TASK ITEM:
Could you copy the lines below exactly, leaving none out?

Items listed in a dataset:
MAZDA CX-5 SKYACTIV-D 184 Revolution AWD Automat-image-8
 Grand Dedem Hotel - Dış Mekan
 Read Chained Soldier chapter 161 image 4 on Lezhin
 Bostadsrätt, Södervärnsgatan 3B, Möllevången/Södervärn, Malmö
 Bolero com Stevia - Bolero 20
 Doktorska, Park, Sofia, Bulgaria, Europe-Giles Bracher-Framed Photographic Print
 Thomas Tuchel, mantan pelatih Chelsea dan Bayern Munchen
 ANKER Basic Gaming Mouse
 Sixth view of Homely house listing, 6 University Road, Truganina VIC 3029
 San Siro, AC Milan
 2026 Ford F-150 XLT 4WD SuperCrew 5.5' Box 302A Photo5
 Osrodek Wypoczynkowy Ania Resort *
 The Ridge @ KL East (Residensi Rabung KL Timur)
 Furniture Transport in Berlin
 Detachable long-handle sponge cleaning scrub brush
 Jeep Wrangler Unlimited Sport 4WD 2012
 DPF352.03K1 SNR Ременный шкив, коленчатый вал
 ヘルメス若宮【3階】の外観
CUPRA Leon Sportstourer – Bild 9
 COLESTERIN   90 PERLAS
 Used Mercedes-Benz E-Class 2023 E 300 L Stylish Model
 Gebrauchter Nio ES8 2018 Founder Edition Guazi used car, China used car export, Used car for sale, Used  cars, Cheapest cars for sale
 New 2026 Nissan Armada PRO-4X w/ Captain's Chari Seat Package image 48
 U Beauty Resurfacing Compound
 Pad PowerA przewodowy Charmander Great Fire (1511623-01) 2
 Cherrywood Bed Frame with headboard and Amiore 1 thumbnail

REPLY:
MAZDA CX-5 SKYACTIV-D 184 Revolution AWD Automat-image-8
 Grand Dedem Hotel - Dış Mekan
 Read Chained Soldier chapter 161 image 4 on Lezhin
 Bostadsrätt, Södervärnsgatan 3B, Möllevången/Södervärn, Malmö
 Bolero com Stevia - Bolero 20
 Doktorska, Park, Sofia, Bulgaria, Europe-Giles Bracher-Framed Photographic Print
 Thomas Tuchel, mantan pelatih Chelsea dan Bayern Munchen
 ANKER Basic Gaming Mouse
 Sixth view of Homely house listing, 6 University Road, Truganina VIC 3029
 San Siro, AC Milan
 2026 Ford F-150 XLT 4WD SuperCrew 5.5' Box 302A Photo5
 Osrodek Wypoczynkowy Ania Resort *
 The Ridge @ KL East (Residensi Rabung KL Timur)
 Furniture Transport in Berlin
 Detachable long-handle sponge cleaning scrub brush
 Jeep Wrangler Unlimited Sport 4WD 2012
 DPF352.03K1 SNR Ременный шкив, коленчатый вал
 ヘルメス若宮【3階】の外観
CUPRA Leon Sportstourer – Bild 9
 COLESTERIN   90 PERLAS
 Used Mercedes-Benz E-Class 2023 E 300 L Stylish Model
 Gebrauchter Nio ES8 2018 Founder Edition Guazi used car, China used car export, Used car for sale, Used  cars, Cheapest cars for sale
 New 2026 Nissan Armada PRO-4X w/ Captain's Chari Seat Package image 48
 U Beauty Resurfacing Compound
 Pad PowerA przewodowy Charmander Great Fire (1511623-01) 2
 Cherrywood Bed Frame with headboard and Amiore 1 thumbnail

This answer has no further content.